=== PROBLEM DETAILS ===
Using the data below, print exactly the line with "This lens focuses", the line with "Hi guys, welcome", and every line between them, but none of the pictures.

** Opening PROVIDED MATERIAL block **

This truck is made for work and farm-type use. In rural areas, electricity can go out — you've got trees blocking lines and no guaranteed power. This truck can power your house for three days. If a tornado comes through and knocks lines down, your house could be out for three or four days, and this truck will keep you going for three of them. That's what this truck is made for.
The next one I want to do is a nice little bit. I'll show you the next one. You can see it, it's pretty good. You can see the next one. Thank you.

** Closing PROVIDED MATERIAL block **
** Opening PROVIDED MATERIAL block **

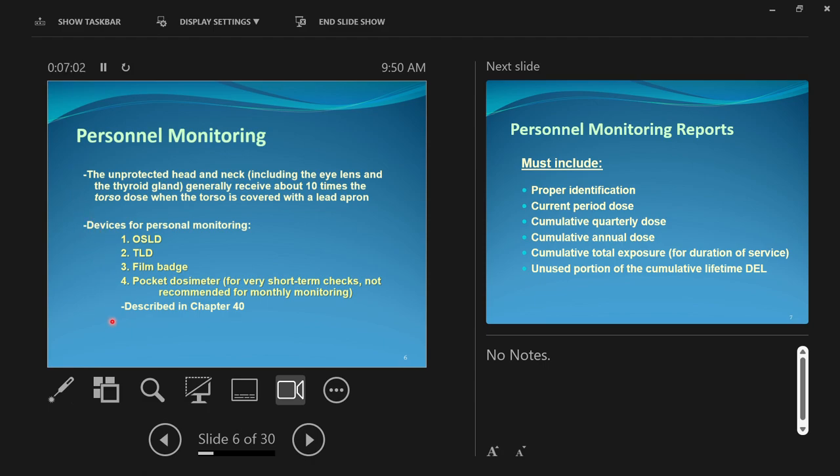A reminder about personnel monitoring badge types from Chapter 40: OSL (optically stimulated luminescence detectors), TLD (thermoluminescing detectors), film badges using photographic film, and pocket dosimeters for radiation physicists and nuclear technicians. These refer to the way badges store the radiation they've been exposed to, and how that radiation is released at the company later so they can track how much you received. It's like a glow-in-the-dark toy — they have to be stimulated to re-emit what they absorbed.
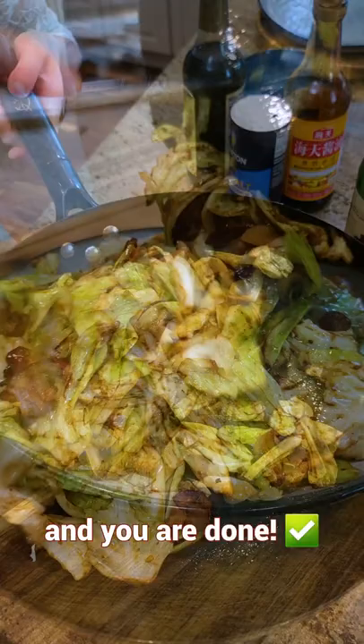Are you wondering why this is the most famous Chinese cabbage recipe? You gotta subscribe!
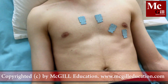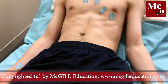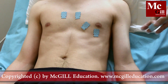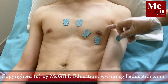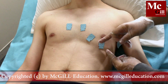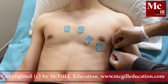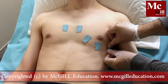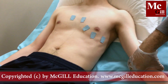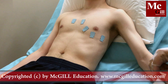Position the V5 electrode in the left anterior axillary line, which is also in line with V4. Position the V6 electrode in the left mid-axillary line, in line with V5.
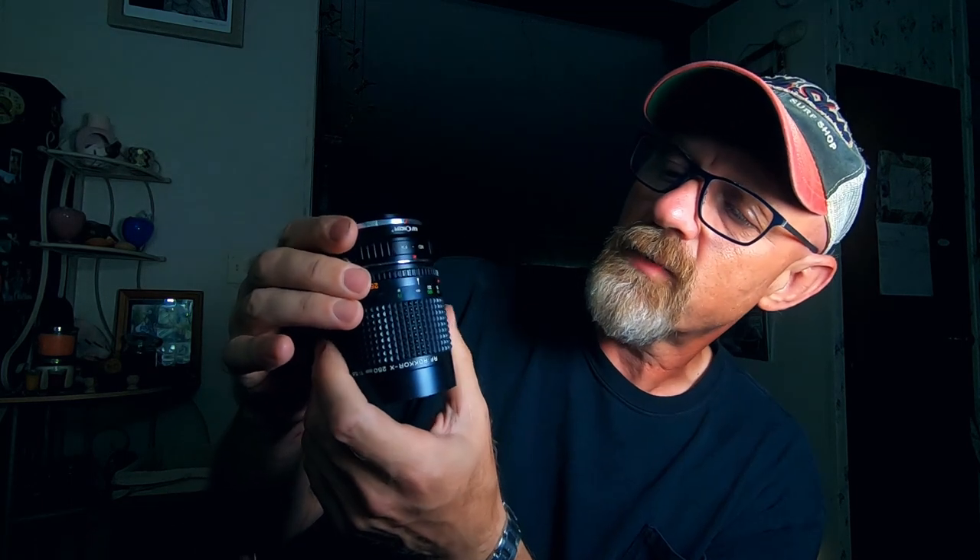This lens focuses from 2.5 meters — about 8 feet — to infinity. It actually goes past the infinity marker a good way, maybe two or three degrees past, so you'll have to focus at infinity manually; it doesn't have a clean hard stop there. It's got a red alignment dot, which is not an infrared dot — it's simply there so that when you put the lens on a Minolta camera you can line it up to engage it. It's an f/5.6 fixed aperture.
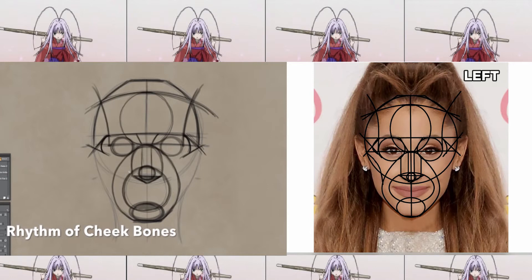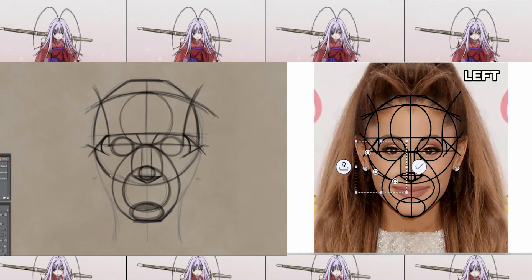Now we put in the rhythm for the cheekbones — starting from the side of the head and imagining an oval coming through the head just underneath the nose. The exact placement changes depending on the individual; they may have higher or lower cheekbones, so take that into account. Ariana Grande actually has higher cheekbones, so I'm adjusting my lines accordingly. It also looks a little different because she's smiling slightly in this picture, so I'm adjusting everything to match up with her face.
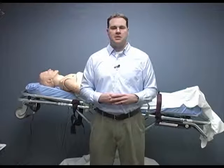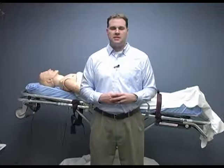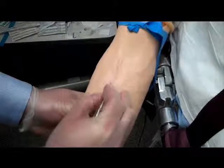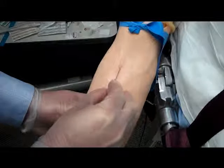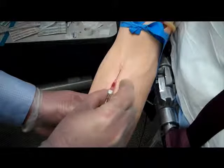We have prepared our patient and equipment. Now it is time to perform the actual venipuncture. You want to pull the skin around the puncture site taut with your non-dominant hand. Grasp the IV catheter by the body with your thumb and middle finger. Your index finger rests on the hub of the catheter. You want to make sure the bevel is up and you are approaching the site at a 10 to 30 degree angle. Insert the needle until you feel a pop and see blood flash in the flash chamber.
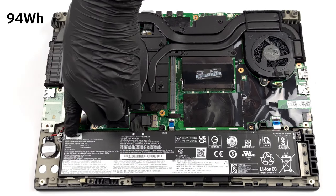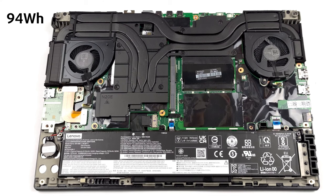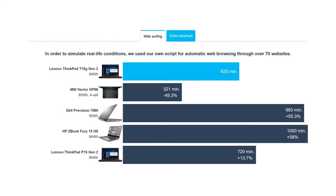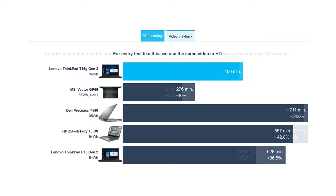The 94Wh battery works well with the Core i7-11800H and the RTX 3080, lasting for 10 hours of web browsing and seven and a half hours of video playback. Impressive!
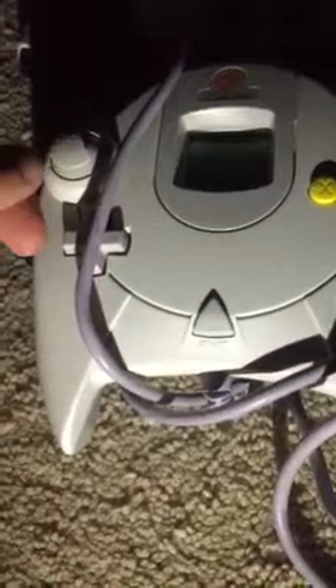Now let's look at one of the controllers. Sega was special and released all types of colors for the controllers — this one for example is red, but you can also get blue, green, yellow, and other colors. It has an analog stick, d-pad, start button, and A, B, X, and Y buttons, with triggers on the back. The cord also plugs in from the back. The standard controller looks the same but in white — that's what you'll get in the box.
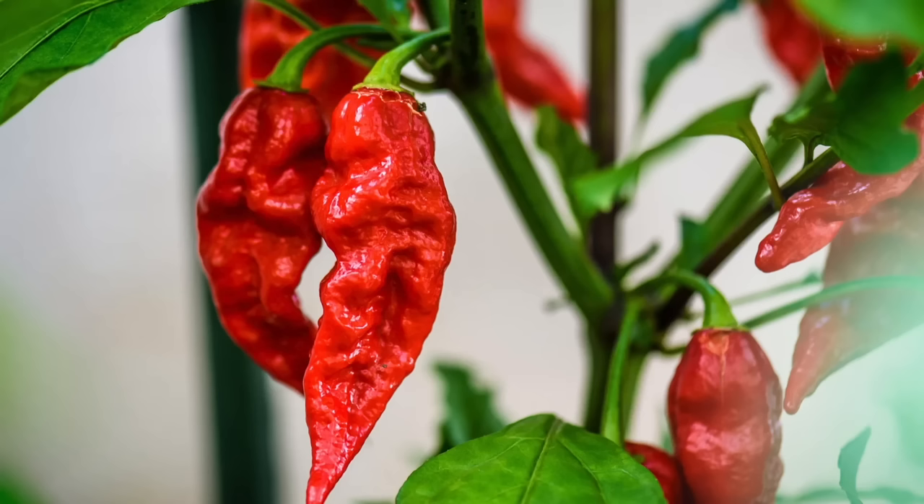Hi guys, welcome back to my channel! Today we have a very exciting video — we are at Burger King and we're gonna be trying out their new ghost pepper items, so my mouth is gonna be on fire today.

** Closing PROVIDED MATERIAL block **
** Opening PROVIDED MATERIAL block **

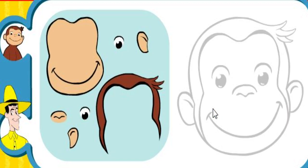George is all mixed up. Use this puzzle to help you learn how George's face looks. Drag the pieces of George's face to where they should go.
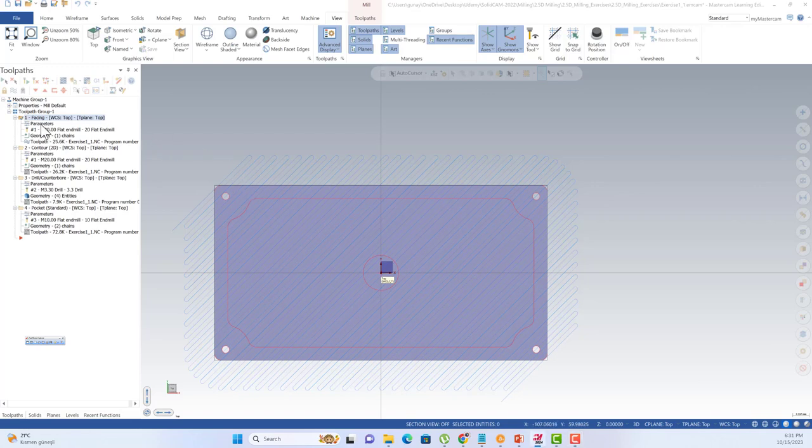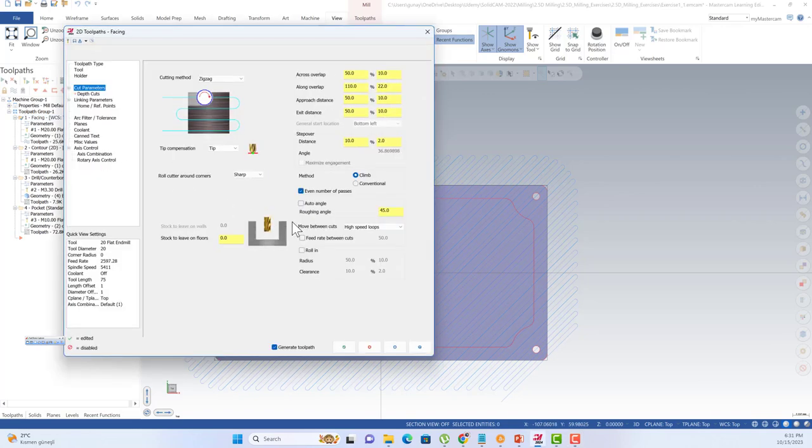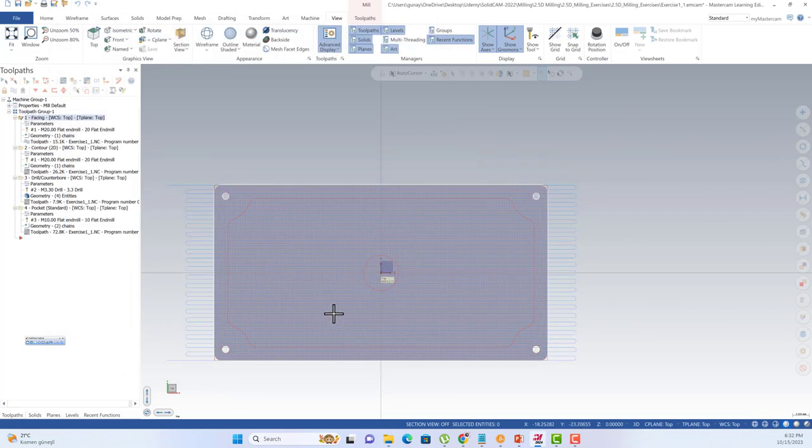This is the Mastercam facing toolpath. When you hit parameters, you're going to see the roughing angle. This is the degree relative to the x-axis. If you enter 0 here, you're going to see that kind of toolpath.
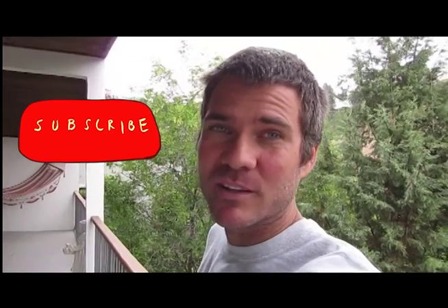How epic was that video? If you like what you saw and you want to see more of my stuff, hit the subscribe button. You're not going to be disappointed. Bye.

** Closing PROVIDED MATERIAL block **

=== RESULT FOR THIS TASK ===
This lens focuses from 2.5 meters — about 8 feet — to infinity. It actually goes past the infinity marker a good way, maybe two or three degrees past, so you'll have to focus at infinity manually; it doesn't have a clean hard stop there. It's got a red alignment dot, which is not an infrared dot — it's simply there so that when you put the lens on a Minolta camera you can line it up to engage it. It's an f/5.6 fixed aperture.
Now we put in the rhythm for the cheekbones — starting from the side of the head and imagining an oval coming through the head just underneath the nose. The exact placement changes depending on the individual; they may have higher or lower cheekbones, so take that into account. Ariana Grande actually has higher cheekbones, so I'm adjusting my lines accordingly. It also looks a little different because she's smiling slightly in this picture, so I'm adjusting everything to match up with her face.
We have prepared our patient and equipment. Now it is time to perform the actual venipuncture. You want to pull the skin around the puncture site taut with your non-dominant hand. Grasp the IV catheter by the body with your thumb and middle finger. Your index finger rests on the hub of the catheter. You want to make sure the bevel is up and you are approaching the site at a 10 to 30 degree angle. Insert the needle until you feel a pop and see blood flash in the flash chamber.
The 94Wh battery works well with the Core i7-11800H and the RTX 3080, lasting for 10 hours of web browsing and seven and a half hours of video playback. Impressive!
Now let's look at one of the controllers. Sega was special and released all types of colors for the controllers — this one for example is red, but you can also get blue, green, yellow, and other colors. It has an analog stick, d-pad, start button, and A, B, X, and Y buttons, with triggers on the back. The cord also plugs in from the back. The standard controller looks the same but in white — that's what you'll get in the box.
Hi guys, welcome back to my channel! Today we have a very exciting video — we are at Burger King and we're gonna be trying out their new ghost pepper items, so my mouth is gonna be on fire today.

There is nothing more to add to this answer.